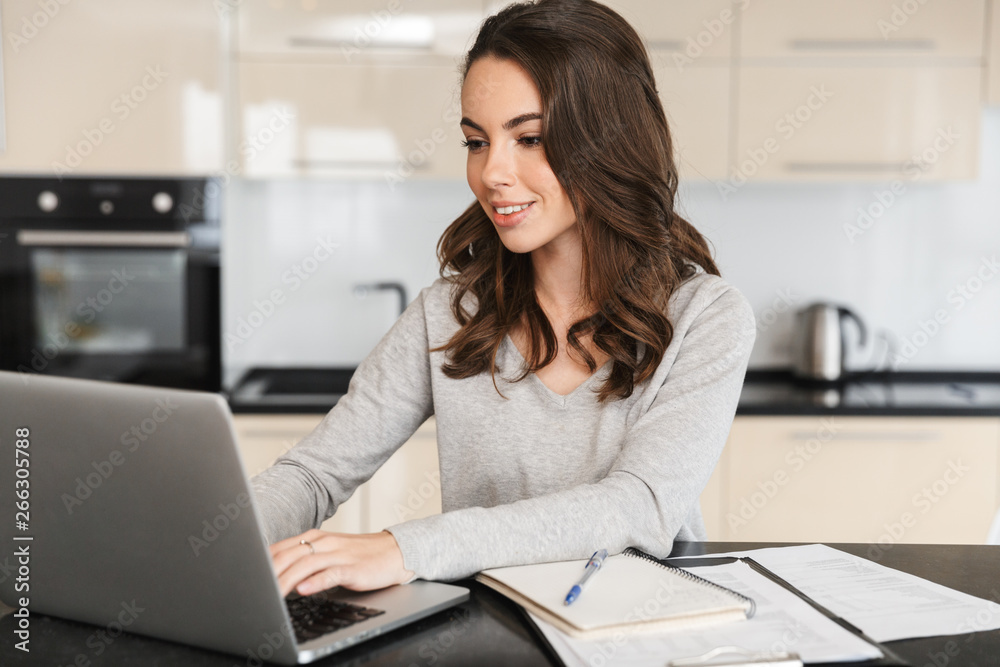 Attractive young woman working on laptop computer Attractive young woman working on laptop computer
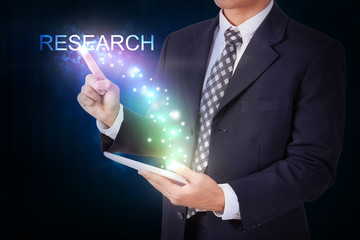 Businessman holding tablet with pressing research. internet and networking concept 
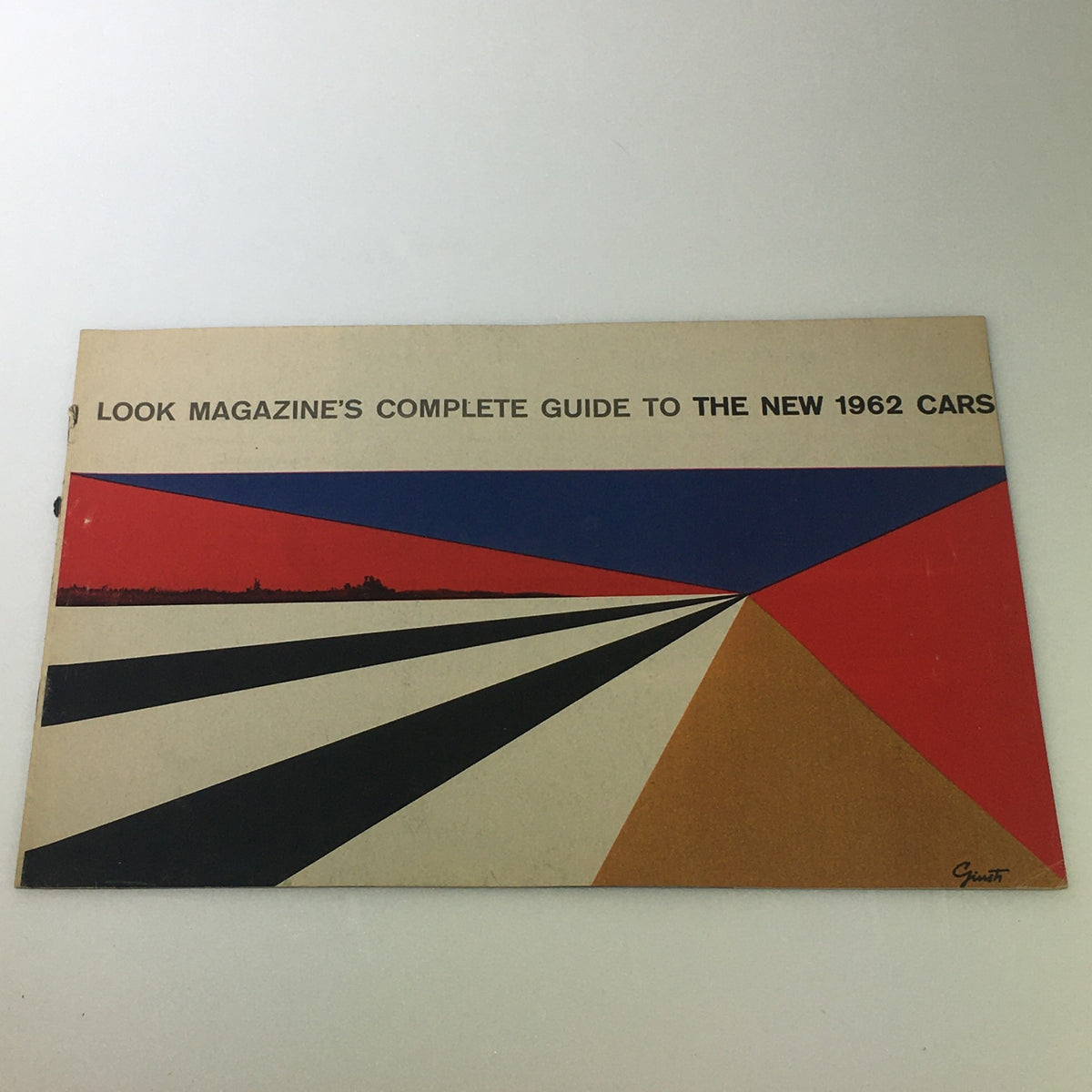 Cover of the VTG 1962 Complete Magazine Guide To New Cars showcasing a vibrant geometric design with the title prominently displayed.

━━━

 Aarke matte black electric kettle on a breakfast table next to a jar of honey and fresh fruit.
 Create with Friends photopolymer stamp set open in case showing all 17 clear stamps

━━━

■ Exercise aim ■
Copy exactly, without pictures, the lines above from the one with "Businessman holding tablet" down to the one with "Cover of the", inclusive.

■ Task output ■
 Businessman holding tablet with pressing research. internet and networking concept 
 Cover of the VTG 1962 Complete Magazine Guide To New Cars showcasing a vibrant geometric design with the title prominently displayed.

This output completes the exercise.